■ **TASK BRIEF**
When a record holds a picture, leave the picture out and copy everything else exactly.

■ **SOURCE RECORDS**
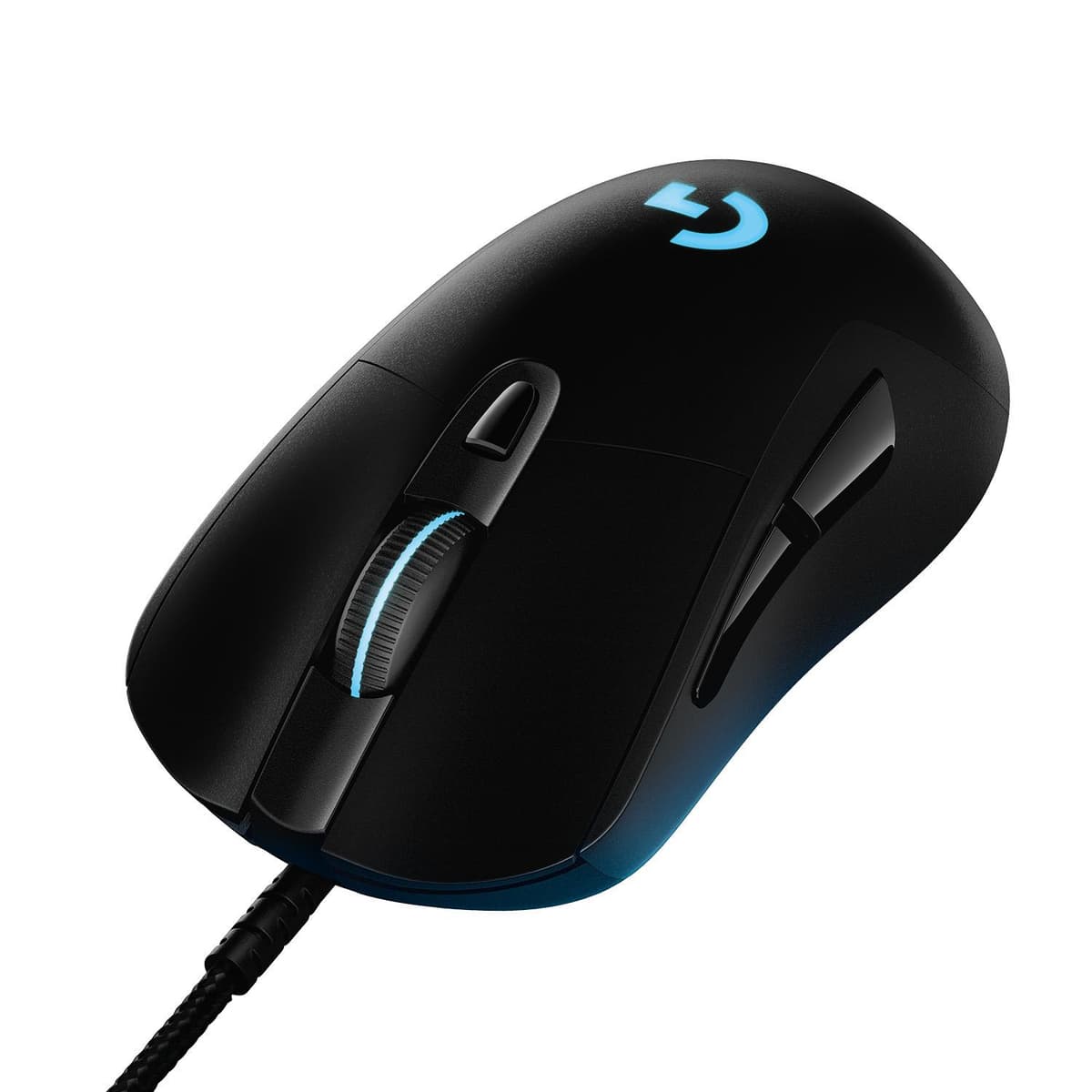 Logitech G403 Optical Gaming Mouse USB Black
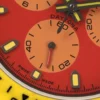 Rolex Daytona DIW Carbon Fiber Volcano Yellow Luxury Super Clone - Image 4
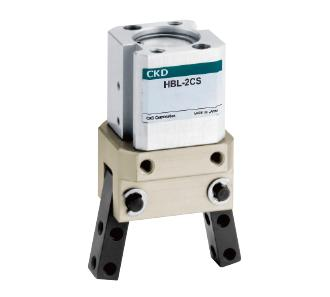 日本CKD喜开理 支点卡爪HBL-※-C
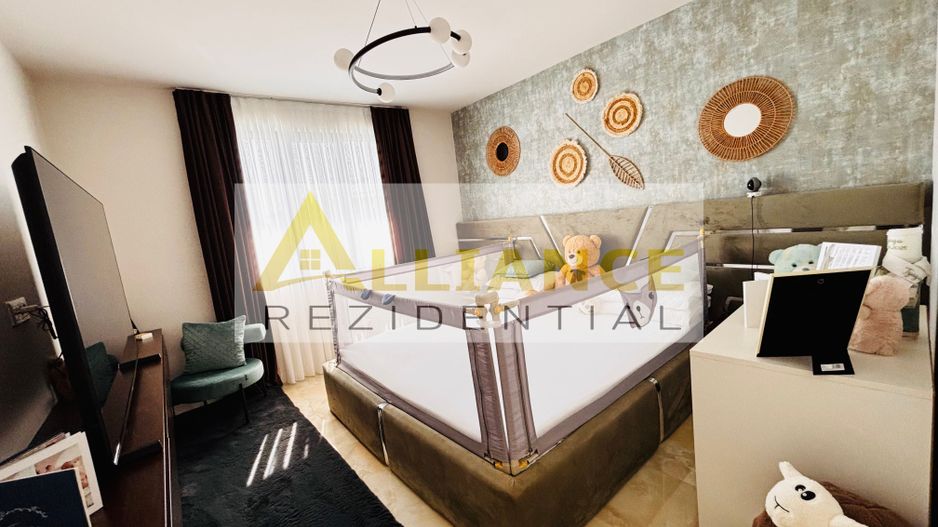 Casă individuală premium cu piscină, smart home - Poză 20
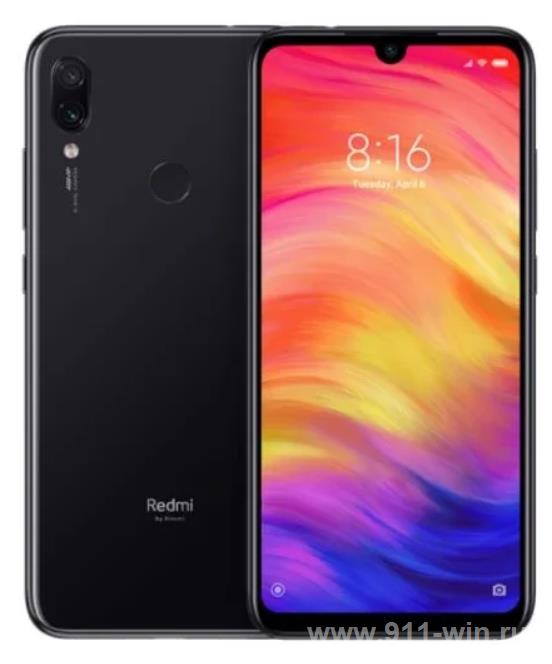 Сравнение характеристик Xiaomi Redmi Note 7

■ **ANSWER FOR THIS EXERCISE**
 Logitech G403 Optical Gaming Mouse USB Black
 Rolex Daytona DIW Carbon Fiber Volcano Yellow Luxury Super Clone - Image 4
 日本CKD喜开理 支点卡爪HBL-※-C
 Casă individuală premium cu piscină, smart home - Poză 20
 Сравнение характеристик Xiaomi Redmi Note 7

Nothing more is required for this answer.